# 18" Guyanese Aimara



## RHOM (Jan 28, 2003)

Pics Removed.


----------



## Johnny_Zanni (Nov 8, 2009)

He just wants a kiss.


----------



## DUMP TRUCK (Sep 8, 2010)

wow


----------



## THE BLACK PIRANHA (Dec 8, 2003)

very nice


----------



## RHOM (Jan 28, 2003)

DUMP TRUCK said:


> wow


Thanks for the compliments guys lol..

This wolf is serious, always patrolling it's tank. Doing gravel washes is fun..


----------



## ICEE (Feb 3, 2007)

Amazing aimara


----------



## Dawgz (Aug 18, 2005)

Awesome!

Any possiblities for a video and a feeding video?


----------



## CLUSTER ONE (Aug 2, 2006)

Dawgz said:


> Awesome!
> 
> *Any possiblities for a video and a feeding video?*


Agreed. Looks like a fun guy to have.

How often are aimaras fingerchasers/satanic sobs? What other wolfs have a high probablility of being a finger chaser as it seems aimaras are the best bet but they cost alot.


----------



## RHOM (Jan 28, 2003)

CLUSTER ONE said:


> Awesome!
> 
> *Any possiblities for a video and a feeding video?*


Agreed. Looks like a fun guy to have.

How often are aimaras fingerchasers/satanic sobs? What other wolfs have a high probablility of being a finger chaser as it seems aimaras are the best bet but they cost alot.
[/quote]

I've owned 3 Aimara and they have all been finger chasers, this is just the way they are, in my opinion and others also, the most aggressive freshwater fish in the world.

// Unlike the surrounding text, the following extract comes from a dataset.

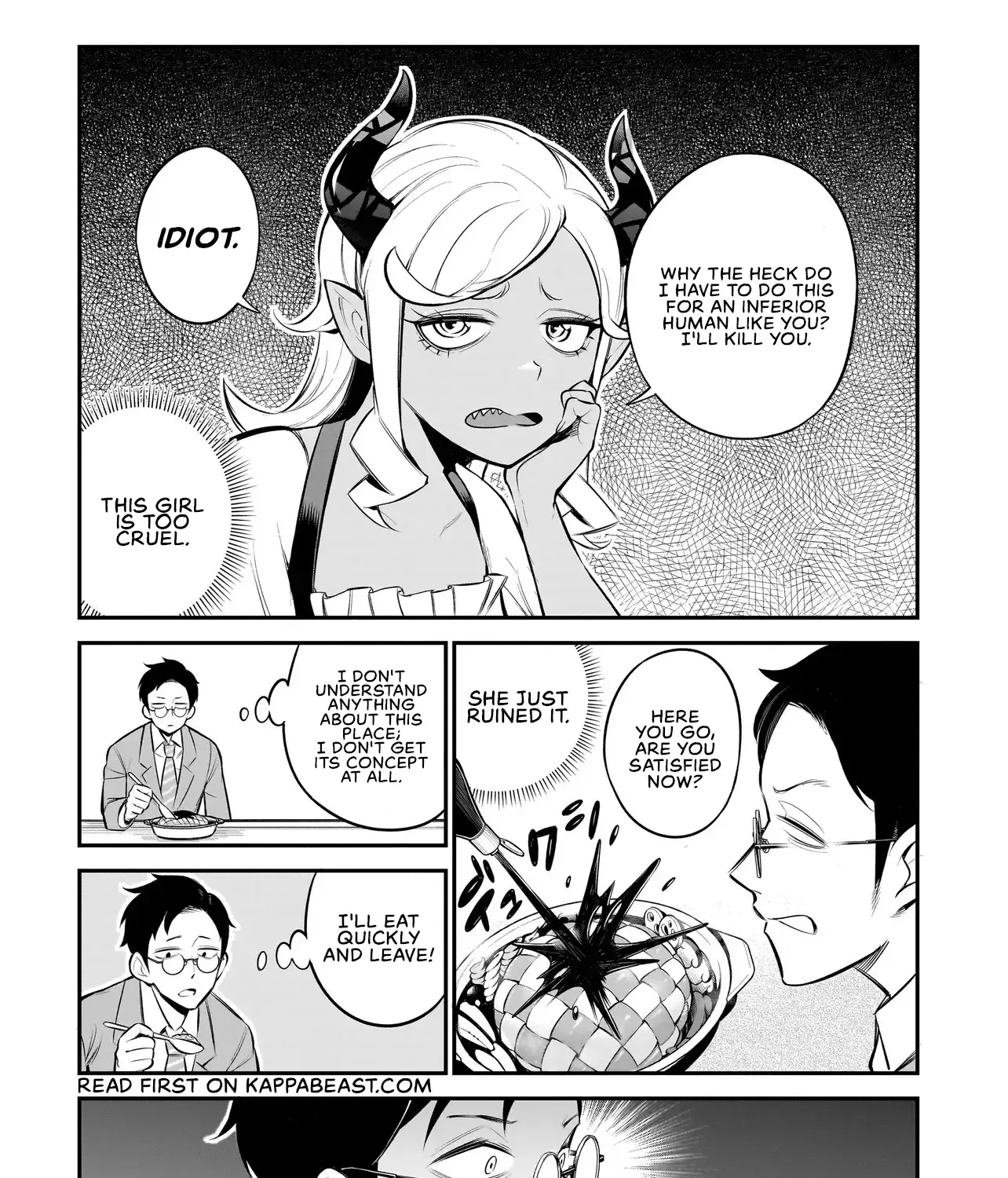 Ishuzoku Tsuihou Concafe Zinmanga X Chapter 1 Page 39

Hoplias Curupira or Black Wolffish are also bad ass. They are aggressive also and active, albeit not as much as Aimara but still a very fun predator, and yes a lot cheaper than the Aimara. An Aimara is totally worth the money in my opinion. There are more in the Hoplias family lke, Lacerdea, or Intermedius but I have never kept one and really don't know much about them, but heard from others that they are awesome predators as well. A few of these species can be kept in a large community setting with fish too big to fit in it's mouth.

As for the Aimara, they will bite the hand that feeds it, its a whole other level of aggression. Strictly solo fish...maybe some tetras if it's a large one..

*
*


----------



## ICEE (Feb 3, 2007)

Any chance of a feeding video like said above? What size tank you got this monster in


----------



## RHOM (Jan 28, 2003)

He's in a 75g holding tank until my super red is sold.

Then it's being moved to a 220g.

I'll post a feeding video later on.


----------



## ArttyFish (May 21, 2008)

Just put that fish in with the Super red and film it?


----------



## RHOM (Jan 28, 2003)

ArttyFish said:


> Just put that fish in with the Super red and film it?


You'd like that wouldn't you..


----------



## His Majesty (Apr 5, 2005)

thats a beast of a fish


----------



## FEEFA (Nov 19, 2007)

Looking like a beast as usual, these pics do not do this fish justice.


----------